A method for an improved QSS (bit allocator) algorithm is disclosed. The disclosed method is capable of greatly improving determination time; thereby improving the efficiency of converting a signal from an audio format to an MP3 format. The starting point (140) of the QSS determination for a present frame (N) is the QSS of a previous frame (N-1). This starting point (140) provides for improved efficiency for determining actual QSS of frame N as QSS (N-1) will be closer to QSS (N) than an arbitrary starting point. Thus, fewer iterations (150) are required to determine QSS (N) as compared to conventional encoders.
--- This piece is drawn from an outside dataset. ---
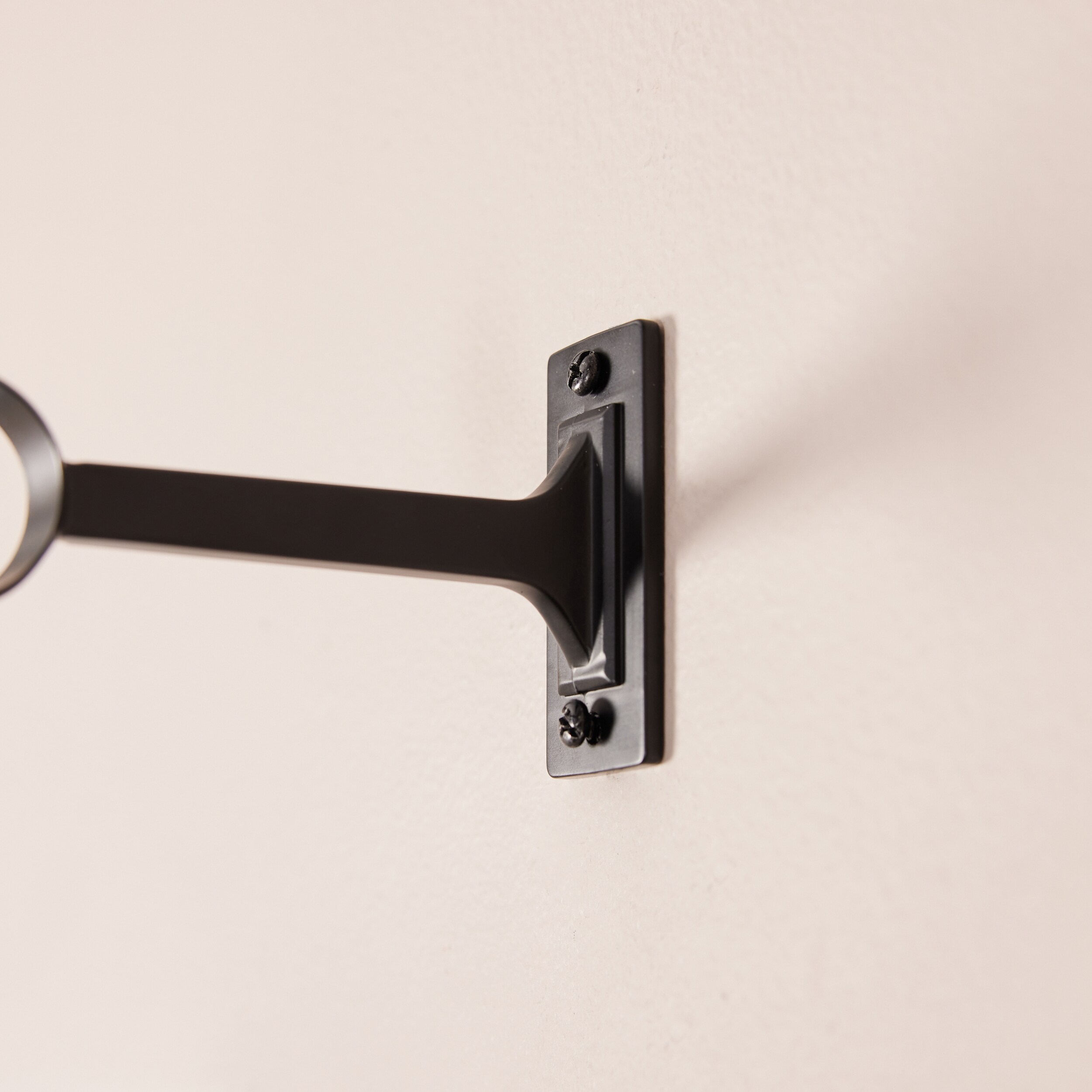 Origin 21 2-Pack Matte Black Zinc Single Curtain Rod Bracket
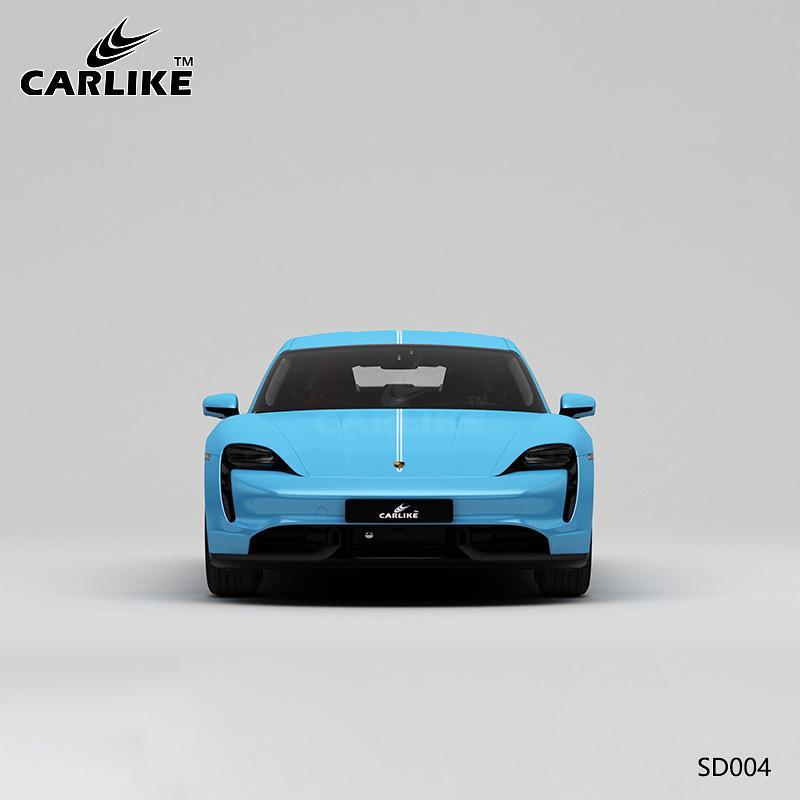 CARLIKE CL-SD004 Pattern Blue Gulf Oil Track High-precision Printing Customized Car Vinyl Wrap - CARLIKE WRAP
The algorithm of the present invention is more efficient than conventional methods in that it makes use of the fact that audio signal statistics usually do not change abruptly during the period of one audio frame to another.

Description

FAST CONVERGENCE METHOD FOR BIT ALLOCATION STAGE OF MPEG AUDIO LAYER 3 ENCODERS
CROSS REFERENCES TO RELATED APPLICATIONS This application claims the benefit of U.S. Provisional Application
60/183,764 filed February 18, 2000.
FIELD OF THE INVENTION
The present invention generally related to MPEG audio layer 3 (MP3) encoders and, more particularly, to the bit allocation algorithm used to determine the quantization step size of an audio signal transferred by MP3 devices.
BACKGROUND OF THE INVENTION
As illustrated in Figure 1, conventional MP3 encoders 10 employ four main components. A filter bank 12 is used to convert an input audio signal (in the time domain) to the frequency domain. A psychoacoustic model 16 is generally used to determine which components of the input signal can be removed (or transmitted with less accuracy) based on the characteristic of the human ear. A "bit allocator" (Bitstream formatting) 14 component calculates the quantization step size (QSS) of the input signal and other scale factors for each frequency band within the input signal. Broadly speaking, the bit allocator provides the output signal of the encoder with all of the non-important signal frequencies filtered out. The "bitstream formatter" (bitstream formatting) component 18 is the final component of the encoder which provides the signal that is suitable for transmission in compressed form (i.e. over the Internet).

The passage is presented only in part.